Europa não rima com democracia

Sérgio Lavos, 20.03.13

 

O que se tem passado nos últimos dias na Europa apenas vem confirmar o que há muito se sabia: os líderes europeus não sabem o que é democracia, desconhecem os seus fundamentos e desrespeitam a sua natureza. O voto contra as condições do resgate ao Chipre - ninguém votou a favor e os 19 deputados da coligação que ganhou recentemente as eleições abstiveram-se - mostra como é possível ser-se eleito para servir o povo - conceito estranhíssimo, não é? Este acontecimento traz à memória o mais recente voto do Orçamento de Estado português. Declarações de deputados do CDS e do PSD-Açores repetiram-se. As ameaças de votos contra ou de abstenção também. Quando o OE foi ao parlamento, unanimidade total em volta de um Orçamento criminoso. Consciência? Coerência? Defesa dos interesses das pessoas que os elegeram?

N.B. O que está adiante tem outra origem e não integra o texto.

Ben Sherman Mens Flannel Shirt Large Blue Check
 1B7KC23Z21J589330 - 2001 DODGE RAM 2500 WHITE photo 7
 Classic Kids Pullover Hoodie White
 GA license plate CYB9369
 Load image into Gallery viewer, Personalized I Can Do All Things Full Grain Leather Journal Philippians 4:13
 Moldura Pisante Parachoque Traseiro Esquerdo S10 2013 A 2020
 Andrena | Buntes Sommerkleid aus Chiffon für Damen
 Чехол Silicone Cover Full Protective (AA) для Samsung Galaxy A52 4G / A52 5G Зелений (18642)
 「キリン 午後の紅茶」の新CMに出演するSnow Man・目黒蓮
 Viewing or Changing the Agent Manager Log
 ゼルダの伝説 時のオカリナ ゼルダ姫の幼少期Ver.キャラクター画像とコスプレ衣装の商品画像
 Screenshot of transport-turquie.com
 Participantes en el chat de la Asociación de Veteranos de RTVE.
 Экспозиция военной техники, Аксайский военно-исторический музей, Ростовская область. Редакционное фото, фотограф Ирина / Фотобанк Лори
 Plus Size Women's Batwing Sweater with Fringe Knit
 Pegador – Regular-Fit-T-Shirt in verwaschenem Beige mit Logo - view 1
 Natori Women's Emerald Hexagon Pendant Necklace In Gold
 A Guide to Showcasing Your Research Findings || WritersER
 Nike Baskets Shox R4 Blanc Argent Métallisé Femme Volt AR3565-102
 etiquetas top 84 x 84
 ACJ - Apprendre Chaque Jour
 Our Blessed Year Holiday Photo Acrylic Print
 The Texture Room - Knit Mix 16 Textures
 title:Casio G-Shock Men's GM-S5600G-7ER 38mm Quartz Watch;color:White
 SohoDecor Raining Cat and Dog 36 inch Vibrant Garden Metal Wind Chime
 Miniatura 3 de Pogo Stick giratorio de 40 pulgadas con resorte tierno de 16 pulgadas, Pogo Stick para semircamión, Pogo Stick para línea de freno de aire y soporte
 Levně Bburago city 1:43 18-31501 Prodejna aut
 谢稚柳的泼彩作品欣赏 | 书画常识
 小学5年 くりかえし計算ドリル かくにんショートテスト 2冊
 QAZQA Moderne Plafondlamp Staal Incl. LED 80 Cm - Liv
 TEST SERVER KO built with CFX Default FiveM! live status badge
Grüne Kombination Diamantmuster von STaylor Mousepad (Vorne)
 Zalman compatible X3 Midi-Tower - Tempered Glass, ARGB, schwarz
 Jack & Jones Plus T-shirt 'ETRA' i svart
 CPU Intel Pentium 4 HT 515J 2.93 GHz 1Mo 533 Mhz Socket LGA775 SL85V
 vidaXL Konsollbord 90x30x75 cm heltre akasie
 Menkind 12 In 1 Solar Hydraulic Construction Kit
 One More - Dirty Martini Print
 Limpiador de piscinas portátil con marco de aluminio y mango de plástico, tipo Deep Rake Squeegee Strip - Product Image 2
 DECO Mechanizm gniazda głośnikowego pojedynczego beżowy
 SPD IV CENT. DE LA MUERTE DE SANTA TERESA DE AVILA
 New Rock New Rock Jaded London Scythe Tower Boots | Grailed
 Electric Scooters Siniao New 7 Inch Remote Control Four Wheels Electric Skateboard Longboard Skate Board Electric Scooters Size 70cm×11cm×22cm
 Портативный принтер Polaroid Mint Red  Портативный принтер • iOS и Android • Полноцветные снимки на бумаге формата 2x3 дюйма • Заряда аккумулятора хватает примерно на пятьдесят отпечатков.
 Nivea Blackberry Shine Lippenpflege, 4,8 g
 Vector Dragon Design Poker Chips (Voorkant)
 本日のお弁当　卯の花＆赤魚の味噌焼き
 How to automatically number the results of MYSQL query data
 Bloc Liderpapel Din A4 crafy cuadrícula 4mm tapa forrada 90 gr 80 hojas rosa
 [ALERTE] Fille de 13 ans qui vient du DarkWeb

Nada disso, até porque os lugares elegíveis não são assim tantos e nas próximas legislativas o PSD e o CDS correm o risco de se transformar no PASOK português e no mini-partido do táxi, respectivamente.

 

E na Europa, como se olha para esta coisa da democracia? A reacção do líder do Eurogrupo à decisão de Chipre é esclarecedora: Jeroen Dijsselbloem "lamentou profundamente a decisão". Fantástico. Uma quase unanimidade democrática teria de ser sempre, na cabeça destes burocratas dos interesses ordoliberais, uma decisão lamentável. 


A verdade é que Angela Merkel governa apenas para ser reeleita em Setembro próximo, já sabemos. O problema é que apenas os alemães podem votar nas legislativas alemãs. Os países que estão a sofrer com as consequências de uma política de terra queimada, de austeridade, resultado de uma doutrina do choque que visa o empobrecimento para liberalizar a economia, embaratecendo a mão-de-obra (os papagaios como Belmiro de Azevedo e Alexandre Soares dos Santos dizem o que Gaspar e Coelho não podem dizer), reduzindo os direitos dos trabalhadores ao mínimo e aumentando o lucro ao máximo, têm pouco a dizer sobre o seu destino. Alguém imagina Merkel a ser reeleita se aplicasse um programa de austeridade na Alemanha semelhante ao nosso? Se em dois anos os alemães fossem espoliados de 30% do seu rendimento, votariam em Merkel? 


A questão é simples: a actual União Europeia não é uma democracia. Elegemos deputados para o Parlamento Europeu que pouco ou nada influenciam as políticas europeias; temos uma Comissão Europeia liderada por um fantoche nas mãos de Merkel, Durão Barroso (ainda me lembro de se ter dito como seria vantajoso haver um português num cargo de prestígio "lá fora"); e o BCE limita-se a aplicar, com um ou outro estertor rebelde, o programa do banco central alemão. As políticas da Europa são de facto as políticas da Alemanha. Mas os gregos, os irlandeses, os espanhóis, os italianos, os cipriotas e os portugueses não votam nas eleições alemãs.


A União Europeia, tal como está, não tem futuro. Começam-se a fazer ouvir as vozes que defendem a saída do euro. O economista João Ferreira do Amaral há dois anos que anda a dizer que a única maneira de escaparmos ao aperto em que estamos é sair do euro. Há dois anos, os economistas mainstream que se passeavam pelas TV's a defender a "austeridade além da troika", diziam que economistas como Ferreira do Amaral erma loucos. Agora, os economistas da troika desapareceram do mapa. João Duque, Cantiga Esteves, Vítor Bento, por onde andam eles? O que antes era "loucura" começa a tornar-se inevitável. Não é um caminho fácil, a saída do Euro. Mas quanto mais cedo acontecer, melhor. Uma saída ordenada do euro permitiria que Portugal voltasse a ter todos os intrumentos para sair da crise em que mergulhou - a desvalorização cambial, o proteccionismo económico e fiscal, a possibilidade de transformar o tecido económico português, estimulando as exportações e substituindo as importações por produção nacional, contrariando as directivas comunitárias. Neste momento, Portugal vive num sufoco sem fim à vista. Precisamos de respirar. Não há alternativa? Em democracia, há sempre. Livrarmo-nos da Europa anti-democrática pode ser o caminho mais rápido para nos reconquistarmos, enquanto povo, enquanto pátria. Antes que seja demasiado tarde.